There is not a chance in the world I will go to the grand opening, the parking lot is just too small you will have too walk a mile. I have been to Dundee a few times and it was amazing, I have not been there in over a year. I went to Wheeling on the way to a Steelers game and was not impressed. I think I have a pre opening pass for the 6th and if it comes through I will attend just to see if they have ammunition in stock, 22LR, 9MM, and 45ACP. I will still always buy my guns at Vance's. Fishing items the first stop is always Buckeye Outdoors or go to see Judy at Hoover, she just treats everyone so well, I would rather pay her a few dollars more than drive to a large store where the clerks have no idea about what they are selling. Her prices may be a little higher than other places but if you are in the north part of Columbus you don't have to drive to Hebron or to Yuppyville and with the price of gas you most likely will save money while dealing with a wonderful family. Just as a note Judy most likely doesn't even no my name I am sure she knows my face since I have done business there for many years. The Dutchman is a real bait and tackle store, there used to be several on Hoover, I wish I could remember all the names and owners, red bank was one he now has a small shop at county line and sunbury but very little stock, there was one in Galena across from the Clock bar which is now Mudflats and a great place to eat. Of course my personal favorite at the time was Harry and Dots he had a gun license. The Dutchman is the only one left, it is hard for me to drive past and not stop to see if I need to buy something or just buy a cup of coffee.


----------



## MDBuckeye (Sep 29, 2009)

Well said leupy. I feel the same way about the "box" stores. Fin, Feather, and Fur has the hard to find colors and good high end stuff most of the time but it's not close enough to visit more than a few times a year. Judy down at the Dutchman is great to deal with. If I feel I need something quick though I will go to them.


----------



## MDBuckeye (Sep 29, 2009)

Just FYI, Fin Feather and Fur is having their bass fishing weekend this coming weekend.


----------



## AEFISHING (Apr 25, 2004)

I wish they would put a Cabela's in Cincinnati!


----------



## supercanoe (Jun 12, 2006)

I was invited to an early tour of the store this friday. I've heard other people mention these early sneak peaks. Has anyone been to one of these that can tell me if you can buy stuff at these early openings or tours? If it's just a store tour I could care less. If I can buy stuff I will go fore sure..


----------



## Bleeding Minnow (Feb 22, 2012)

nbc4 had a short video tour last night and they did a better job. showed the aquarium. showed a bunch of rods and reels.


----------



## Bubbagon (Mar 8, 2010)

I'll most likely keep rolling out to Buckeye Outdoors for tackle.


----------



## Dovans (Nov 15, 2011)

Buckeye Outdoors little closer to me. Plus I have gotten to know couple of the guys out there.


----------



## jeffersa (Mar 18, 2011)

I work in the fishing department and we have a good variety of soft and hard baits, rods and reels, fly fishing and kayaks and marine gear. 
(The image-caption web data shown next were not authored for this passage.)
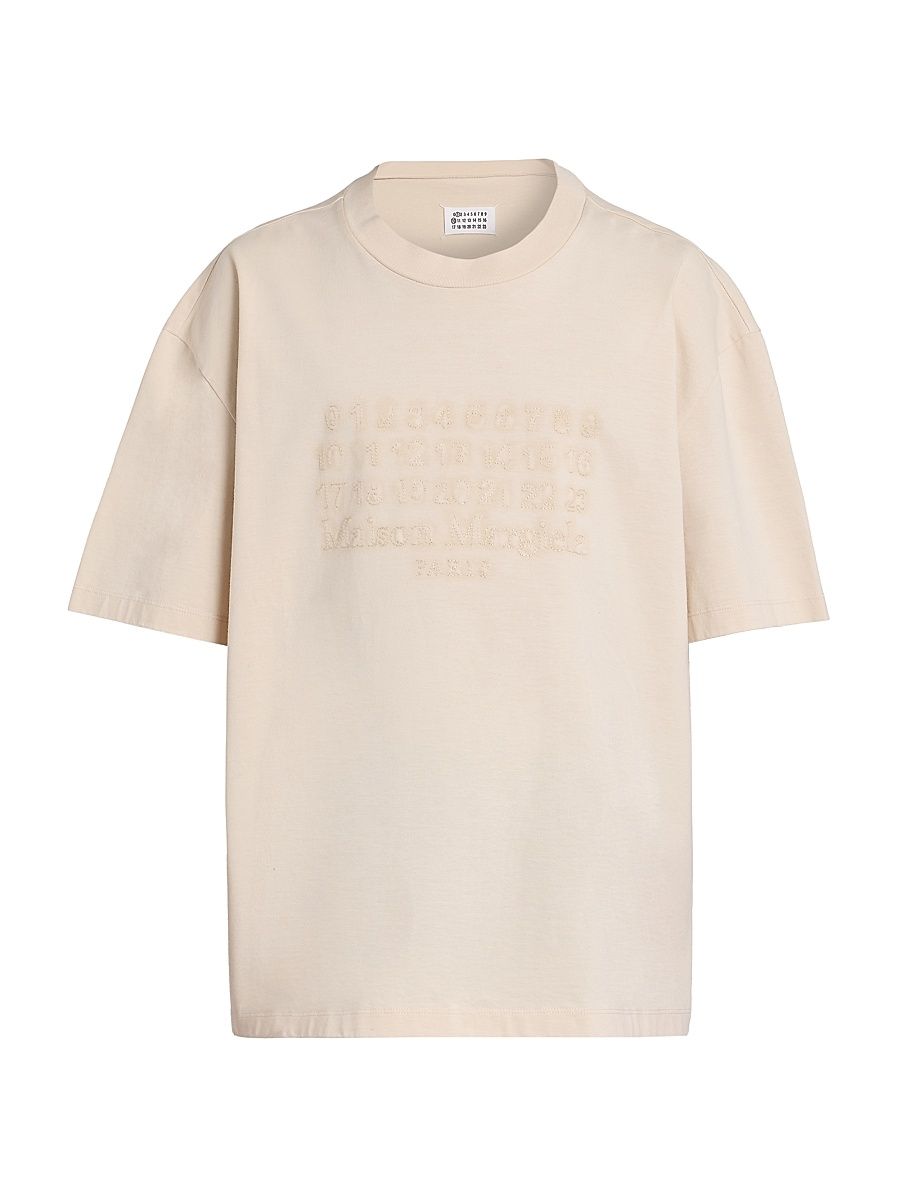 Men's Logo Cotton T-Shirt - Beige - Size XXL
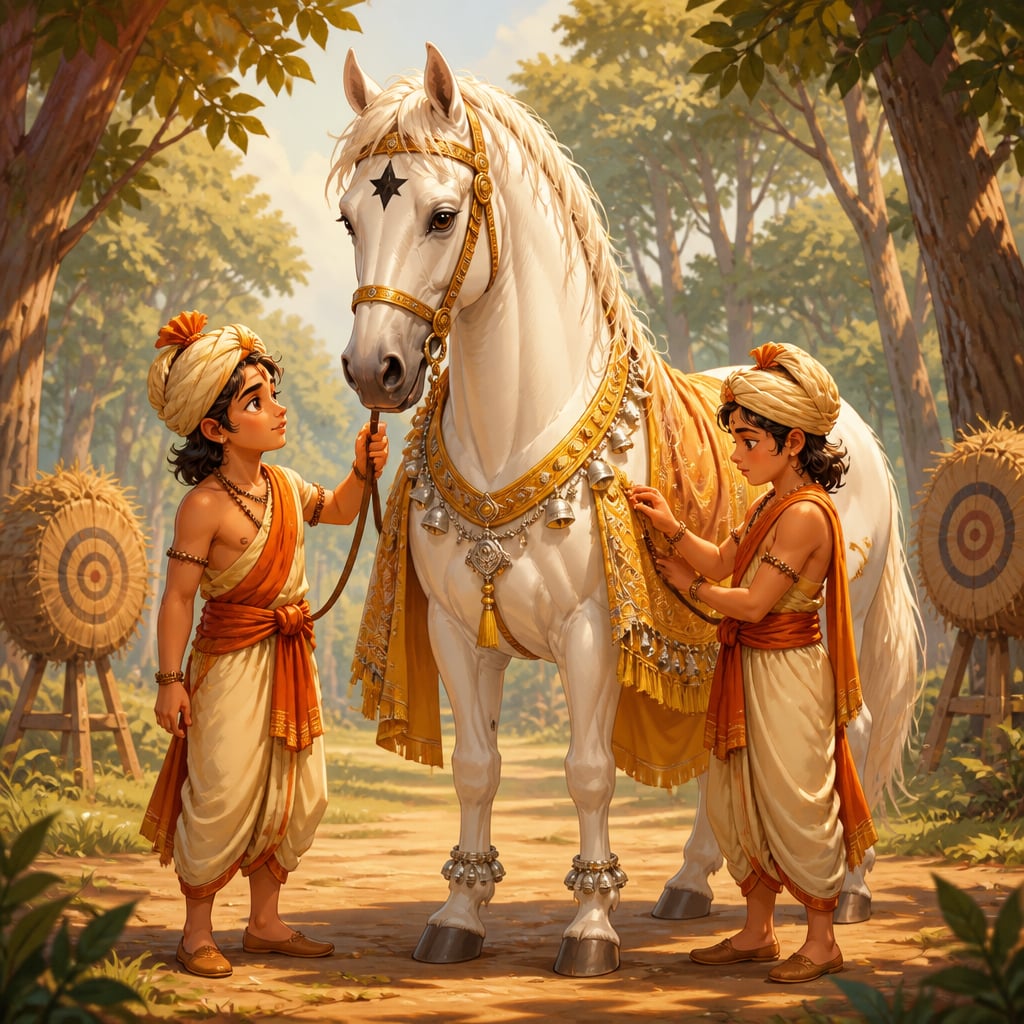 The twin princes Lava and Kusha examine the magnificent royal Ashvamedha horse in their forest clearing, studying its golden ornaments.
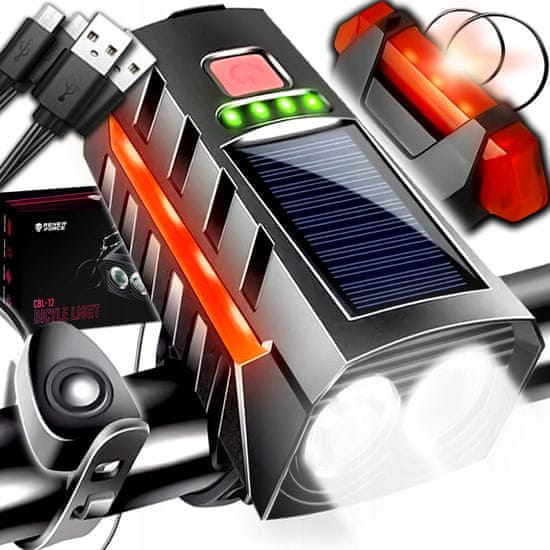 Dexxer Set solarne aku. LED kolesarske svetilke in sirena 1200lm USB + zadnja luč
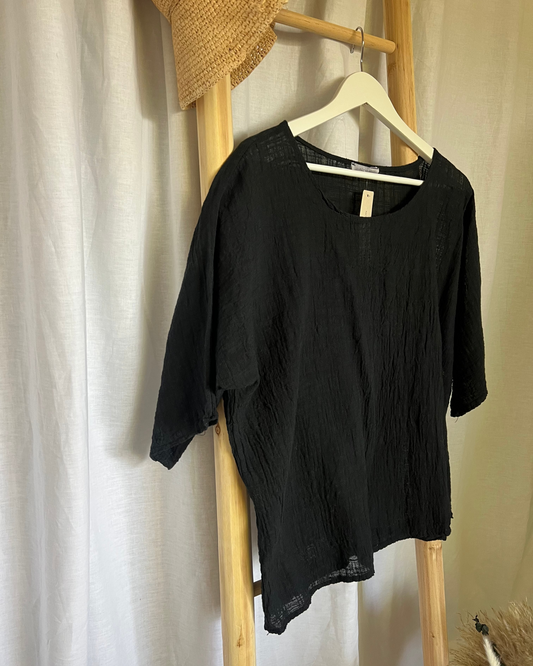 Black Muslin Top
Posted using Outdoor Hub Campfire


----------



## puge (May 14, 2009)

Bad Bub said:


> I tried to tell everyone. They are more of a tourist attraction than an outdoor store. It's gonna be mostly clothes and stuff for your home.
> posted using Outdoor Hub Campfire


The markup on clothes, shoes, and toys is huge = greater profit margin. Hence the trend the last 5 years of dicks, gander mountain and others turning into clothing retailers. There just isn't much money to be made on a 5$ crankbait, when you can mark a 10$ shirt up to 30$ you'd have to sell 10 cranks to make the same profit of one shirt. Sucks for us but they are in it for profits, please don't fool yourselves.
They will have stuff no one else has, I had to drive to wheeling to get the muzzzleloader ammo I needed after checking everywhere in a 45 mile radius. Hopefully I wont have to do that again...


----------



## timmyv (Apr 26, 2006)

My wife watched the video with me and I said I guarantee everyone is going to complain just from watching this video. She said why would they complain? I said that's what people do. I didn't have to read very far (1st comment) before I saw a complaint. This person doing the video did a poor job. It's hard to see how big the fishing section is and everything else. It is a smaller store but come on guys quit jumping to conclusions before actually going to the store.


----------



## chad24 (Aug 1, 2011)

Im not gonna judge the store by the video. Channel 10 camera man sucked. Yea...focus on a pink toy jeep ??? This video did not do us any good for what we are about to see opening day im sure. He practically ran past the fishing rods so fast I couldnt tell what they where but focused on a manican with clothes on. I am sure fellas that the fishing section will fit our fishing needs here in Central Ohio. I am hearing that Duck Dynasty will be there.....is this true? Can anyone recap the date for opening day and time ? I read it on here once but figure I would ask again to refresh my memory. We should all meet there and have like a small OGF meet and greet before we go in . Just an idea. Take care all.


----------



## Boostedawdfun (Sep 15, 2012)

Opens thursday march 7th at 11am


----------



## timmyv (Apr 26, 2006)

chad24 said:


> Im not gonna judge the store by the video. Channel 10 camera man sucked. Yea...focus on a pink toy jeep ??? This video did not do us any good for what we are about to see opening day im sure. He practically ran past the fishing rods so fast I couldnt tell what they where but focused on a manican with clothes on. I am sure fellas that the fishing section will fit our fishing needs here in Central Ohio. I am hearing that Duck Dynasty will be there.....is this true? Can anyone recap the date for opening day and time ? I read it on here once but figure I would ask again to refresh my memory. We should all meet there and have like a small OGF meet and greet before we go in . Just an idea. Take care all.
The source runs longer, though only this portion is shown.